How do planets commonly form?
“We believe that most planets, especially planets in the inner solar system, form by starting with rocky cores, pieces of dust, pebbles and rocks sticking together and gradually growing massive enough so that gravity is able to attract gas.” Guyon said. “[This process, known as core accretion,] is not efficient at large distances from the star, it only works to form planets close to the star.”
Since the planet is located at a fairly long distance from its star, AB Aurigae, the scientists believe that the planet formed from an alternative theory known as disk instability. This formation mechanism occurs when “a piece of the disk if it is massive enough and not too hot, becomes unstable under gravity and collapses on itself and forms a planet,” Guyon said.
What’s next for the research team?
Guyon believes that now that they found this object, other teams will join and begin examining it as well.
“What excites me most is that we are building larger telescopes that will give us an image that is four times sharper and 10 to 100 times deeper in sensitivity,” Guyon said.
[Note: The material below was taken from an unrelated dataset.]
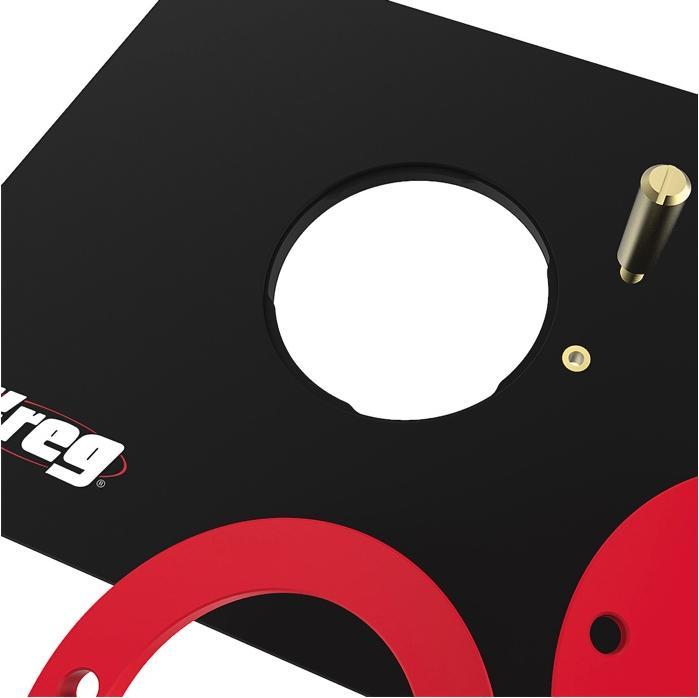 Produktbild Kreg PRS4038 FrÃ¤stisch Einlegeplatte 298 x 235 x 9 mm + 3x Reduzierring 25 mm / 30 mm / 67 mm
“We see a glow but we see some dust around it as well. It’s not a very sharp glow. We think what we are seeing is a planet that is being formed which is still surrounded by gas and dust,” Guyon said. So, with the new instruments and larger telescopes that are being created, scientists will be able “to peer deeper with sharper images and study the light that comes from the object in more detail.”
Both Wagner and Guyon are excited to study the planet more in-depth and to see if they can find other planets like AB Aurigae b. Wagner, in particular, explained that he is interested in examining the planet’s orbit and atmosphere.
Wagner also added that he is excited to find more objects like AB Aurigae b because “there is only so much you can learn from one object. When it’s the first of its kind you can learn quite a bit from that but you can’t get a statistical understanding or population-level understanding of these types of planets that are formed through disk instability and what they look like as a whole.”